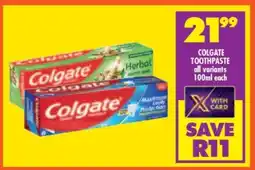 Shoprite Colgate Toothpaste offer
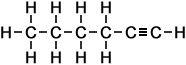 Structure of hexyne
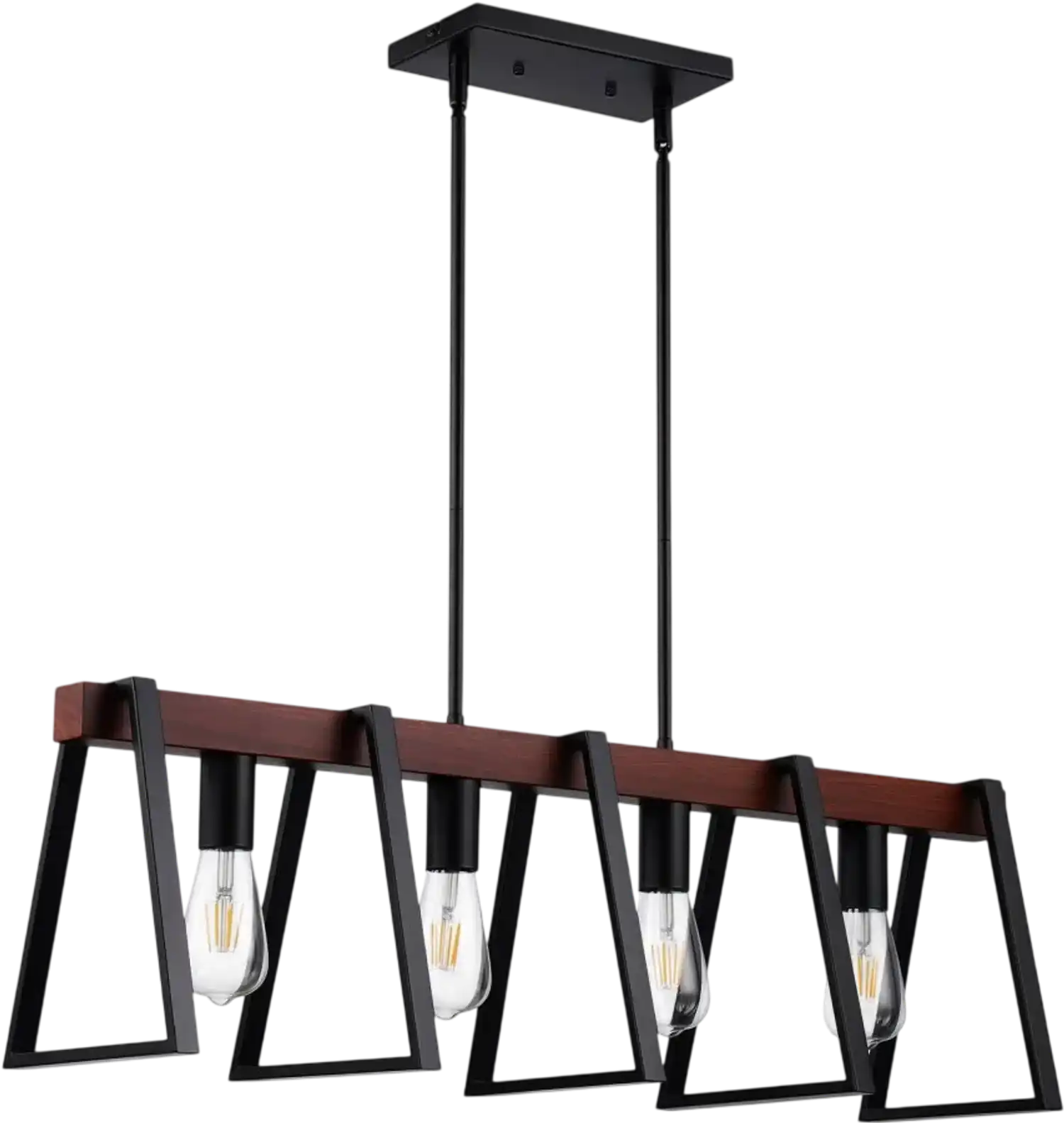 Vevor Pendant Light 4-Light Adjustable Kitchen Island Dining Room Fixture New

**REQUIREMENT:** Starting at the line with "Structure of hexyne", transcribe the listing above exactly through its last line. No picture belongs in the transcription.

**YOUR RESPONSE:**
 Structure of hexyne
 Vevor Pendant Light 4-Light Adjustable Kitchen Island Dining Room Fixture New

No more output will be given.